Back in the summer of the post-dot-com-bubble-pop (a.k.a. 2001), fellow tech. writer--let's call her "A"--and I drove from Rochester, MN to the Minneapolis Convention Center for a tech. expo. She was looking for work--and tchotchkes. Whereas I'd talked my first line supervisor into letting me put 8 hours into this junket on the pretext of research, specifically the question, "What does the internet mean to your business?"
Let's face it, that particular tech. expo. was already showing the effects of the post-bubble hangover. The convention center had had to fill the space by booking a manufacturing-related expo. at the same time, discreetly partitioning them with blue curtains. As it turns out, the best answer to that question came from the manufacturing side. A micro-manufacturer of industrial tools related the story of how a customer in desperate need of a replacement for broken equipment had emailed the CAD drawings to them. After taking a look a the drawings, the manufacturer called the customer--a few hours' drive away--and said, "Send your truck now. We'll have it ready for you by the time you get here."

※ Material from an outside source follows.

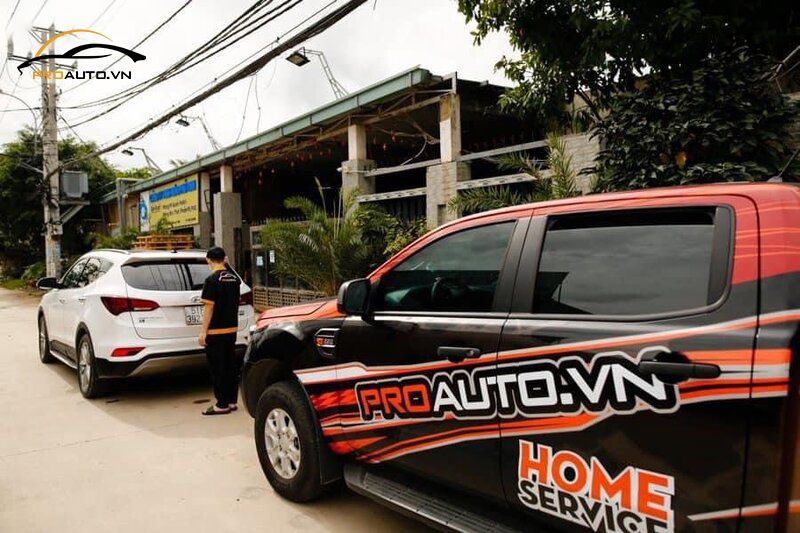 Dịch vụ thi công dán phim cách nhiệt xe hơi tại nhà
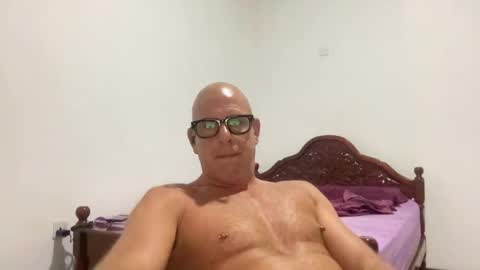 Snapshot of dirtydanlondon chatting on February 2026 02:27:01 PM Dirtydanlondon online show from February 2026 02:27:01 PM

Naturally, at the time I was all drop-jawed about the competitive advantage that "internet time" provided. (Dennis, being a manufacturing engineer at the time, was trained in a world where dead-tree prints would have to be shipped, then re-drawn by one of the manufacturer's techs, and only then could the actual business of "manufacturing" begin. Even at dail-up speeds, receiving a digital file that could be directly imported made for blazing turnaround times.) Even today, I caught myself annoyed with Canon for only just drop-shipping yesterday a part that I ordered (gasp!) all the way back on Saturday. (The horror...)
Now, in many, many parts of the world, such digitization and delivery capabilities are positively banal. And, to me, that's a good thing. I was reminded of that tonight when I pulled a non-bill, non mass-mail envelope out of the stack. A small business' company envelope, obviously, with the city/state/zip line nearly running off the Avery label. The one-page form-letter offered the services of a (relatively) local moving storage company. Short, sweet, who-we-are-and-what-we-can-offer-you. (No physical signature above the printed one, which would scandalize Mom--old-school enough to hold each sheet of bond paper to the light to verify that the watermark was correctly aligned. But it was obviously proofread for grammar and spelling, which (sadly) pretty much puts it ahead in the game.)
The backstory is that Dennis & I just put our home up for sale, so it's pretty obvious that the MLS listing prompted the contact. And good on them for showing some hustle. In the end, it doesn't matter that property listings no longer have to wait for the classified. Nor even that reverse lookups (of addresses or phone numbers to people) are stupid-simple (if you don't mind popup ads and enough cookies to choke a certain fuzzy blue Sesame Street character). But it's the first moving-related offer I've seen since a bare-bones listing went live nearly two weeks ago.
And I can't help but notice that, in both cases, neither firm could be described as a "technology" company. Speaking for myself, I think we programmer/technology types sometimes take technology for its own sake a little too seriously. For the manufacturing and moving company, it's not All About how quickly they can access information; it's about how capable they are of doing something constructive with it. Dunno about anybody else, but I can't help but be a little humbled by that.